The Department of Labor's fiduciary rule was similar in
scope, but the 5th U.S. Circuit Court of Appeals vacated it in March, saying it
represented regulatory overreach. While the SEC does not focus exclusively on
retirement plans, industry experts said the proposals nevertheless could affect
them.
The proposals, approved by the commission in April and
put out for a public comment period that closed Aug. 7, feature three legs:
A best-interest standard that compels brokers to put
clients' financial interests ahead of their own and requires them to mitigate
financial conflicts.
The client relationship summary, or Form CRS, which
necessitates that firms disclose to retail investors the nature and scope of
their services, the types of fees customers would incur, the conflicts of
interest faced by the firm and the firm's disciplinary history.
A standard of conduct for investment advisers that states
advisers have a duty to act and provide advice that is in the best interest of
the client.
In testimony before the House Financial Services
Committee last month, Dalia Blass, director of the SEC's division of investment
management, estimated there were more than 6,000 comments on the rule-making
package.
In its comment letter to the SEC, the American Retirement
Association applauded the commission's decision that recommendations to
rollover or transfer assets from retirement plans should be covered under the
best-interest standard.
But since many participants do not roll over their
retirement plan accounts until they reach retirement age, "it is paramount
that financial professionals be held to a high standard of care when providing
investment advice to (fiduciaries) responsible for retirement plan
assets," the ARA wrote. It asked the SEC to clarify the standard to avoid
any "gap" in regulatory coverage.
The National Association of Government Defined
Contribution Administrators, Lexington, Ky., sought confirmation in its comment
letter on whether participants in defined contribution plans are covered under
the best-interest standard. While the proposal states that "the definition
of 'retail customer'... would cover, for example, participants in ERISA-covered
plans and IRAs," the SEC did not address whether DC plan participants, like
public employees who are not covered by the Employee Retirement Income Security
Act of 1974, would be considered retail customers, NAGDCA stated.
Several suggestions
The IAA in its comment letter outlined several
suggestions it said would enhance the rules. Ms. Barr said the best-interest
standard would be better suited if its scope was applied to all advice that
broker-dealers give their clients. The proposal would require broker-dealers to
give advice in the clients' best interest only when the broker is making a specific
investment recommendation. The standard would not extend to the entire
broker-client relationship, like it does for investment advisers.
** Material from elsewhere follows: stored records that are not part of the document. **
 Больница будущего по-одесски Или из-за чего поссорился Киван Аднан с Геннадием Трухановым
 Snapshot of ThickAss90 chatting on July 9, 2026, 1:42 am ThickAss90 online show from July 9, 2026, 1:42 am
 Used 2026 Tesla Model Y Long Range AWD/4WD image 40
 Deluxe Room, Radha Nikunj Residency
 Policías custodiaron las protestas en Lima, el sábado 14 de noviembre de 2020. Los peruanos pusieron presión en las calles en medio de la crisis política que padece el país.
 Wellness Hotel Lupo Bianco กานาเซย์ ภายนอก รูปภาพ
Overall, IAA is pleased the SEC is moving forward on the
issue, Ms. Barr said.
The same is true for the Securities Industry and
Financial Markets Association. Kevin Carroll, SIFMA managing director and
associate general counsel, said he's unsure why the proposal is controversial.
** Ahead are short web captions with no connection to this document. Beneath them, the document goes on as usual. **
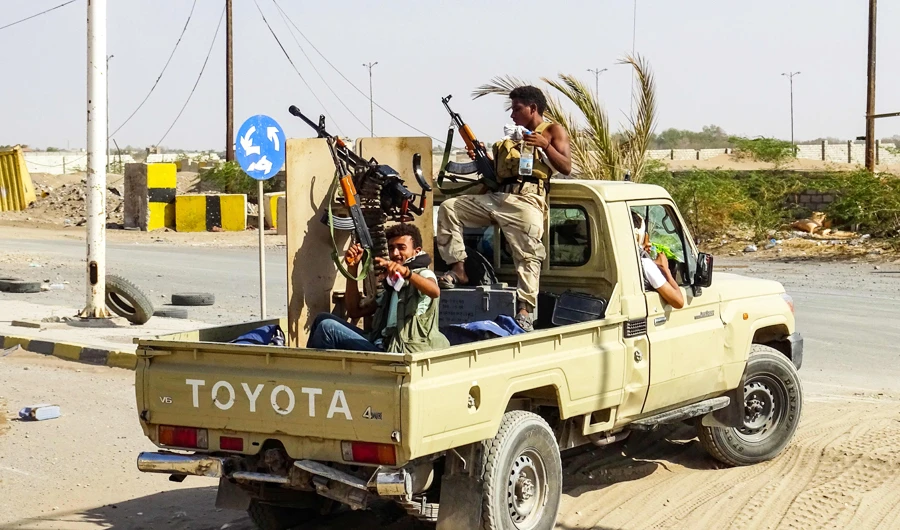 Pro-government forces on Wednesday suspended their 12-day offensive in Hodeidah. (AFP)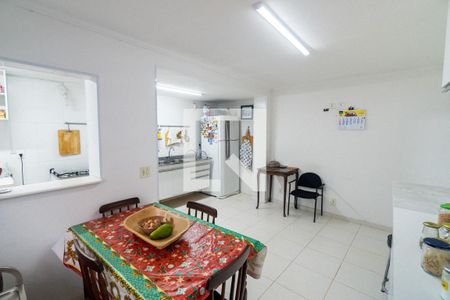Casa à venda com 214m², 2 quartos e 1 vaga Casa à venda com 214m², 2 quartos e 1 vagaCozinha
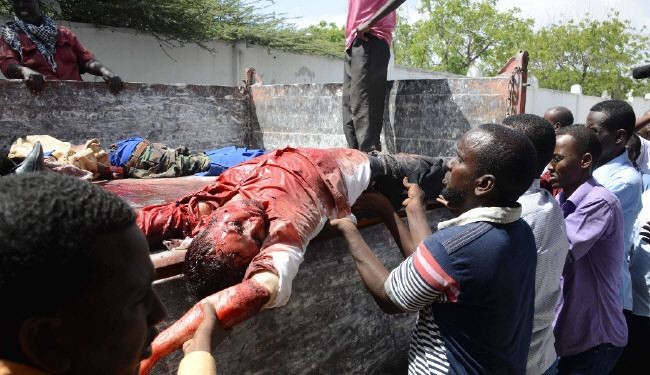 11 قتيلا في انفجارات استهدفت فندقا يرتاده مسؤولون بالصومال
"We just see this as raising the conduct standards for broker-dealers,
which enhances investor protection."
Mr. Carroll said the best-interest standard recognizes
the "inherit differences between broker-dealers and advisers and creates a
standard that's specific to brokers and that's why I think this approach is
going to work."
Jason Berkowitz, vice president and counsel for
regulatory affairs for the Insured Retirement Institute in Washington, said the
proposals represent a sensible approach. But one item the institute would like
to see altered is the Form CRS proposal. According to Mr. Berkowitz, the
proposal didn't take into account how variable annuities are "often sold
through broker-dealers but are not in brokerage accounts. The contracts are
actually held by the insurance companies."
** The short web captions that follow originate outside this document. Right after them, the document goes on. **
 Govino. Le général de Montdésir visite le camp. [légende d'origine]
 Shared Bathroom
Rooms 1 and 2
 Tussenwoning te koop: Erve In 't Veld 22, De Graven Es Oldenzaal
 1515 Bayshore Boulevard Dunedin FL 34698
"We're trying to help them fine-tune what we think is
a very good proposal," he added.
Looking ahead
SEC Chairman Jay Clayton has devoted time and resources
to the rule-making package this year, including hosting six roundtable
discussions in June and July. In testimony before the House Financial Oversight
Committee in June, Mr. Clayton said, "There are conflicts in an investment
adviser relationship and there are conflicts in a broker-dealer relationship.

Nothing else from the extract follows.